Sarah Kauffman and Gary Patent.
Photo by Kevin Sprague
Charming and endearing, feisty and tender, I Do, I Do! now playing at the Berkshire Theatre Festival's Unicorn Theatre is a two character musical to which anyone from young adults to senior citizens can bring empathy.
The book, written by Jan de Hartog, saw first life in 1951 as a Broadway play, The Four Poster. Its universal theme, tracing a marriage from its joyful but hesitant wedding morning through the fifty years of up and down connubial bliss and tension, (joy at birth of children, disenchantment of raising teen-agers, misunderstandings, envies, grievances, and final ‘moving on” faced by any marriage that endures the years.
The play was soon adapted to a film starring real-life marriage partners, Rex Harrison and Lilli Palmer, and then, in 1966, adapted into the musical I Do, I Do! by Tom Jones and Harvey Schmidt.

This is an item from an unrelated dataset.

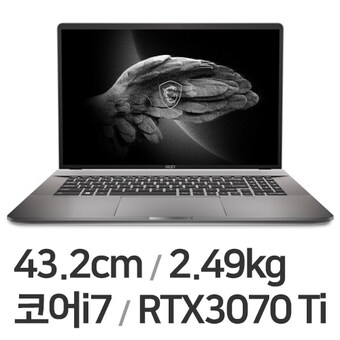 MSI 크리에이터 Z17 A12UGST W11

The wild success of this seemingly simple plot is witnessed by approbation such as the musical having run 22 years in Minneapolis and its winning a Tony Award. The fact behind its longevity and attractiveness is that it is not a simple light comedy about falling in love and living happily ever after, even though a certain kind of happiness is there at the end of the rainbow.

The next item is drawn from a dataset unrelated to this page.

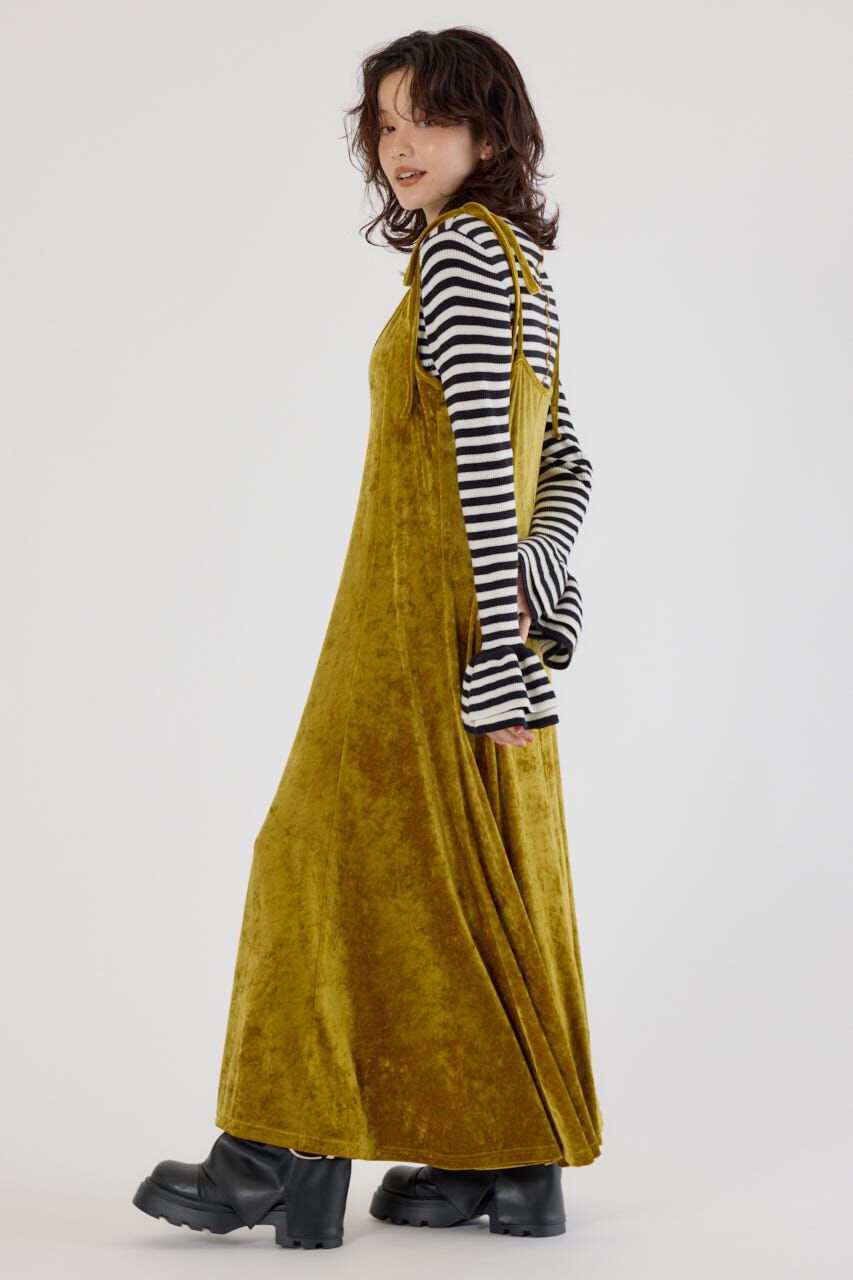 RODEO CROWNS「ベロアキャミワンピース」|ワンピース|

In the current production, two young actors, Sarah Kauffman as Agnes and Gary Patent as Michael, give us two delightful and developing characters from the opening of the play when they appear in their underwear until they leave the house of the four poster behind them and move on to acceptance of old age and their enduring, if bickering, love.
They play out their in-and-out romance in a marvelous setting designed by Audra Avery; a room dominated by the great four-poster of their wedding night, and one encircled by swinging panels that allow them to almost instantly exit and return as the years pass, the clothes (meticulously designed period pieces by Jessica Risser-Milne) and even hair styles, minutely but realistically, change.

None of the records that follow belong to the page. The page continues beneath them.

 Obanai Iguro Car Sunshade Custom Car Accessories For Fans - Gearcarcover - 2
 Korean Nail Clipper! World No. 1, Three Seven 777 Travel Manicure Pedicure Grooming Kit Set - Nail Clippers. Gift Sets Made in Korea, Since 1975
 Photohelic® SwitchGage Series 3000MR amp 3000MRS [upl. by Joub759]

Both Kauffman and Patent are well-cast and competent. They inhabit their environment and assume their increasing ages with apparent ease. They delight us with Jones’ witty lyrics, and move us with duets such as "My Cup Runneth Over," and Kaufman is especially poignant in her solo, "hat Is a Woman?" Patent brings a boyish charm to the couples' wedding night and a frustrated mid-life crisis to the duet "Nobody's Perfect." Both are excellent donning coats and sagging shoulders (but high heads) in their finally moving on.
Director Sarah Gurfield has served her cast well. I Do, I Do! is an enjoyable evening at the theatre, and its dedication to Jane and Jack Fitzpatrick, stalwart supporters of arts in the Berkshires is a touching homage well-deserved.